**WHAT TO WORK ON**. Starting at the first line of the listing below, retype each line up to and including the one that contains "German Russian vs". Leave pictures out.

**RECORDED INFORMATION**.
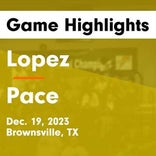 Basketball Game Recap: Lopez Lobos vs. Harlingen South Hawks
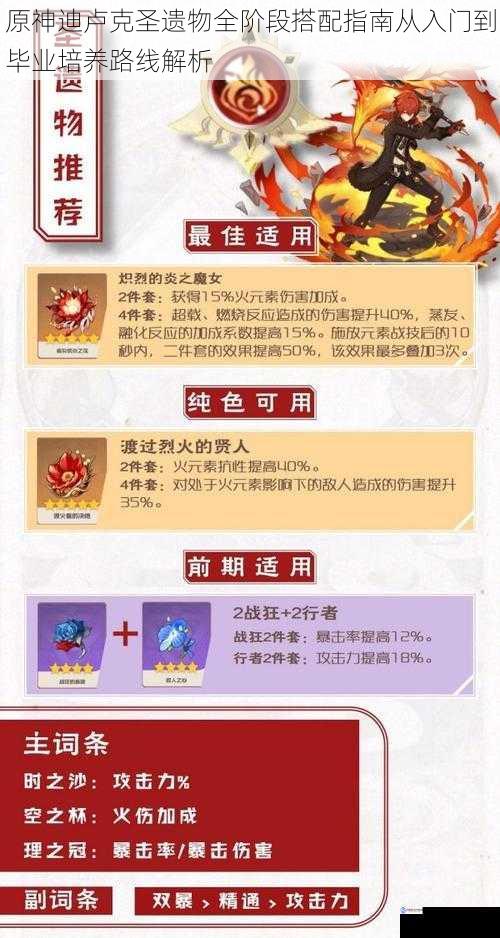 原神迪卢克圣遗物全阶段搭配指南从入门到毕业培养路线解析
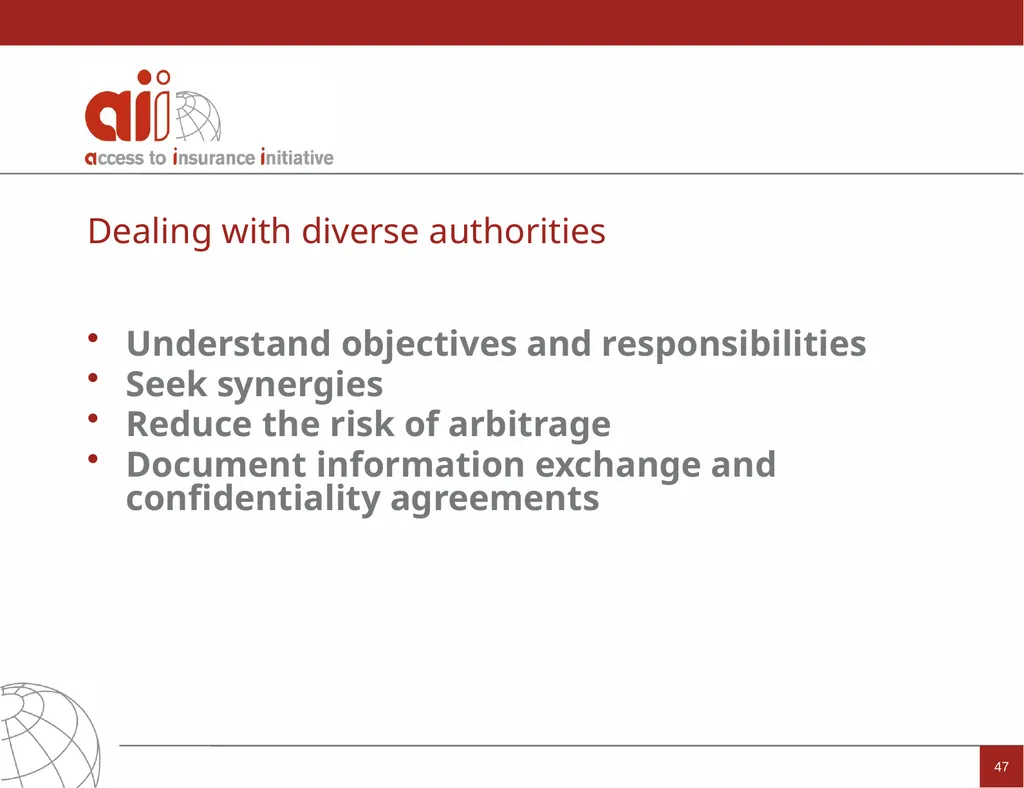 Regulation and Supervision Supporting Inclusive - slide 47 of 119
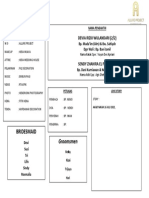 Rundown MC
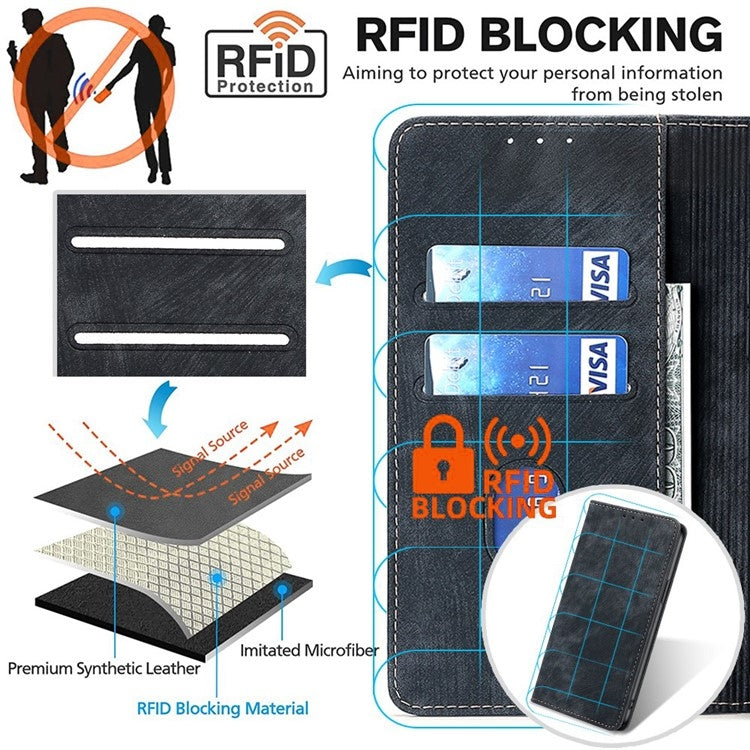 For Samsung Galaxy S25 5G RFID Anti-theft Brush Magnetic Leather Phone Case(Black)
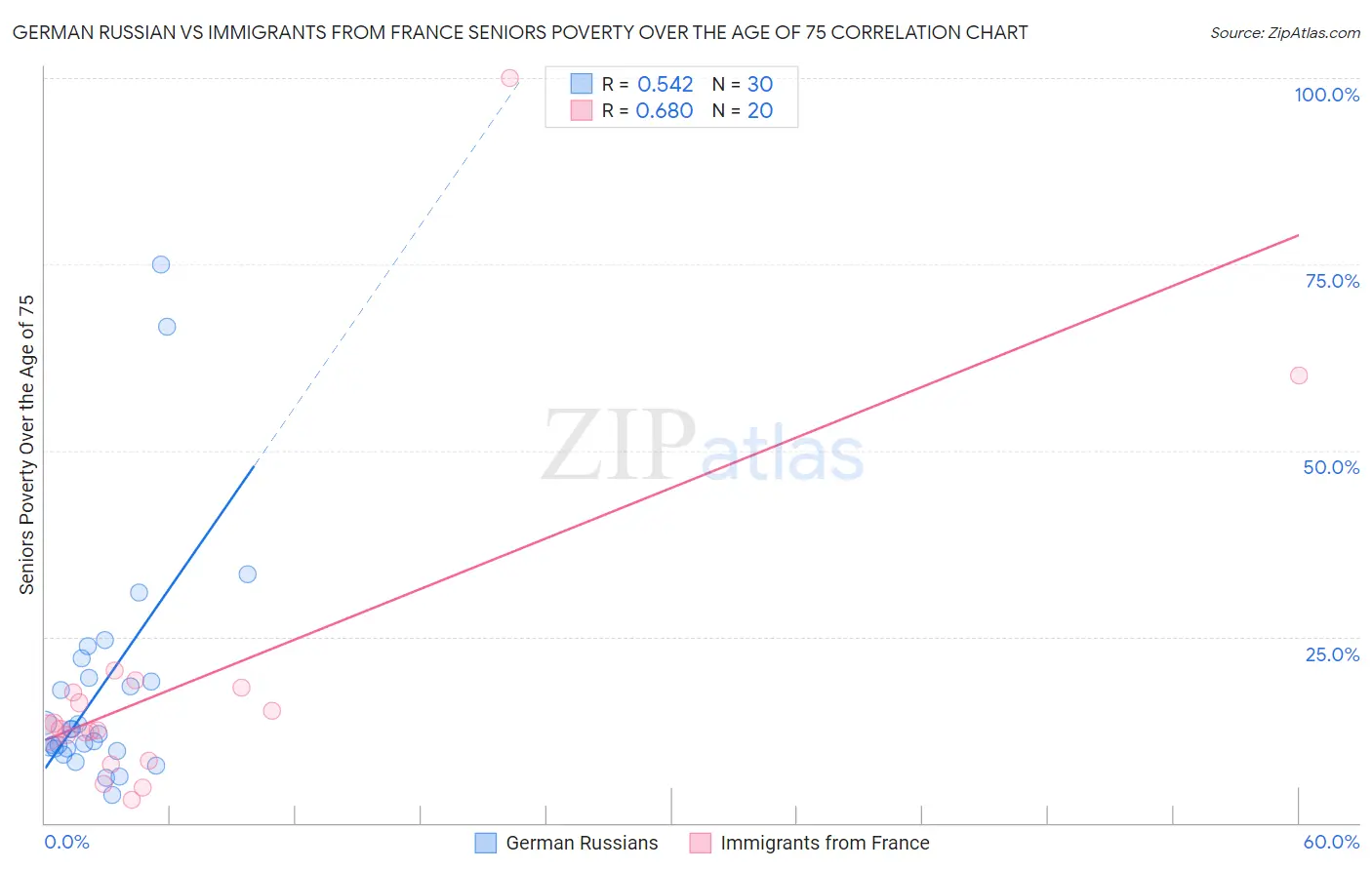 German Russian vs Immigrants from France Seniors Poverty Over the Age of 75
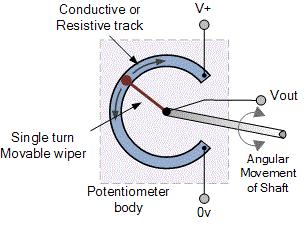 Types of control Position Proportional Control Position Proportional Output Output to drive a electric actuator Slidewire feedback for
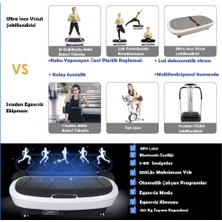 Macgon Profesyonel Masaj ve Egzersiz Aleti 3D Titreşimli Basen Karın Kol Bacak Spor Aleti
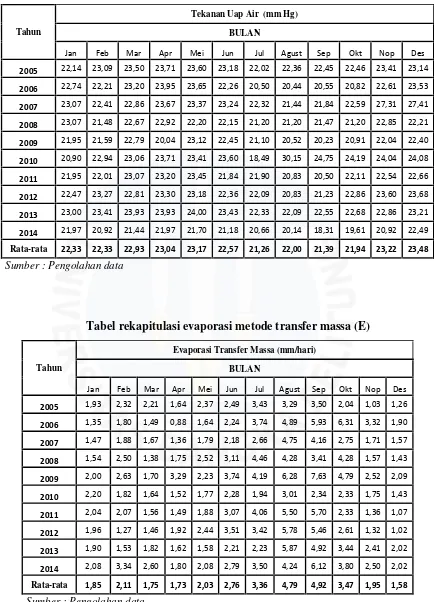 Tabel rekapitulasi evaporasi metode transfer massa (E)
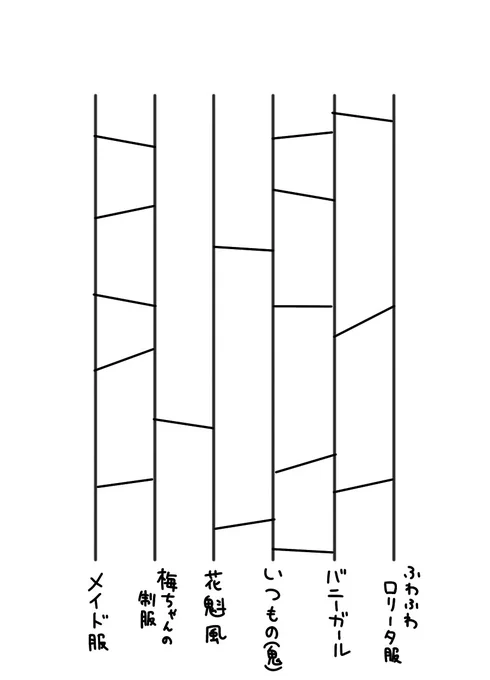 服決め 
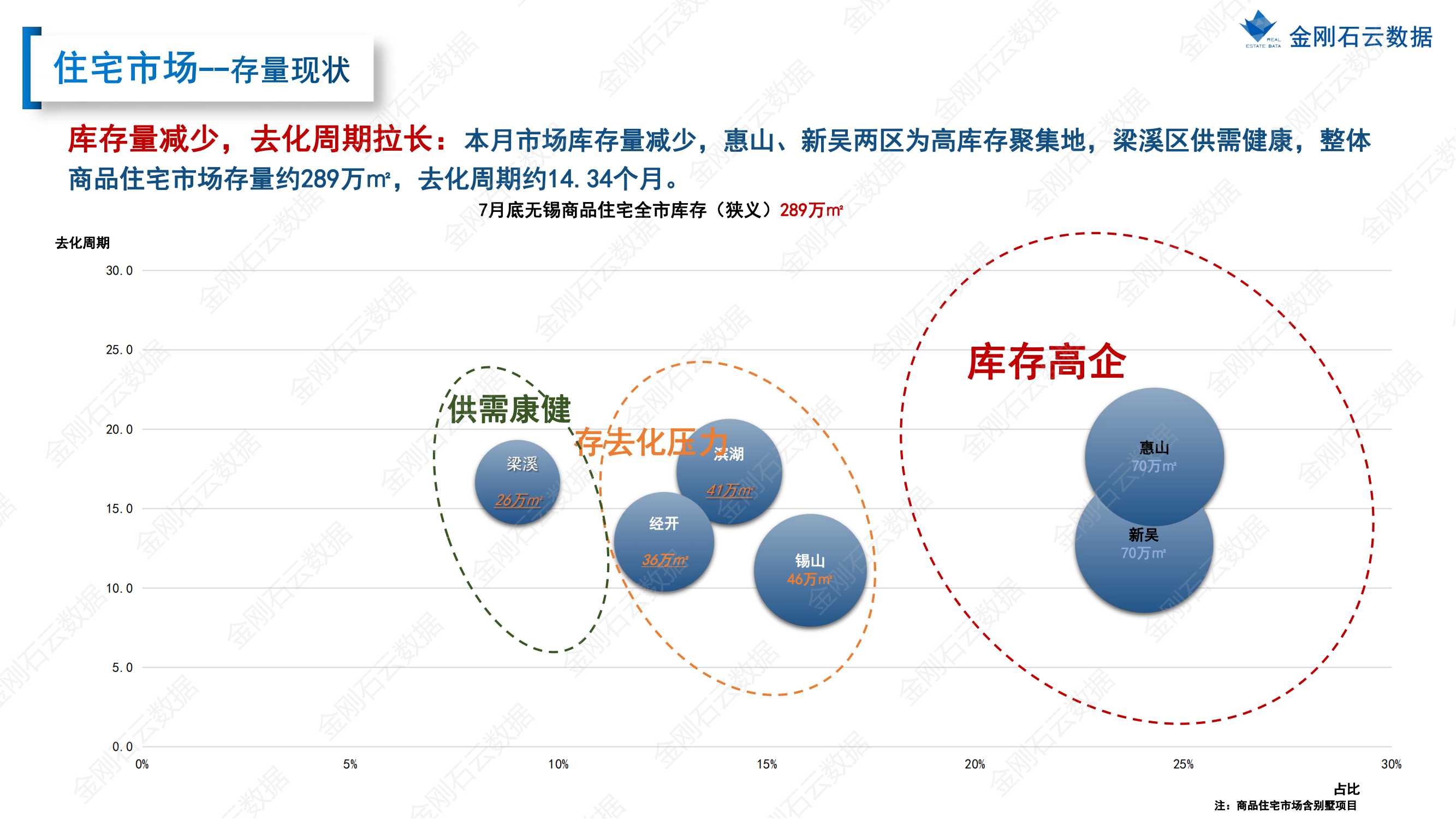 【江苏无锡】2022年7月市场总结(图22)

**ANSWER TO THIS TASK**.
 Basketball Game Recap: Lopez Lobos vs. Harlingen South Hawks
 原神迪卢克圣遗物全阶段搭配指南从入门到毕业培养路线解析
 Regulation and Supervision Supporting Inclusive - slide 47 of 119
 Rundown MC
 For Samsung Galaxy S25 5G RFID Anti-theft Brush Magnetic Leather Phone Case(Black)
 German Russian vs Immigrants from France Seniors Poverty Over the Age of 75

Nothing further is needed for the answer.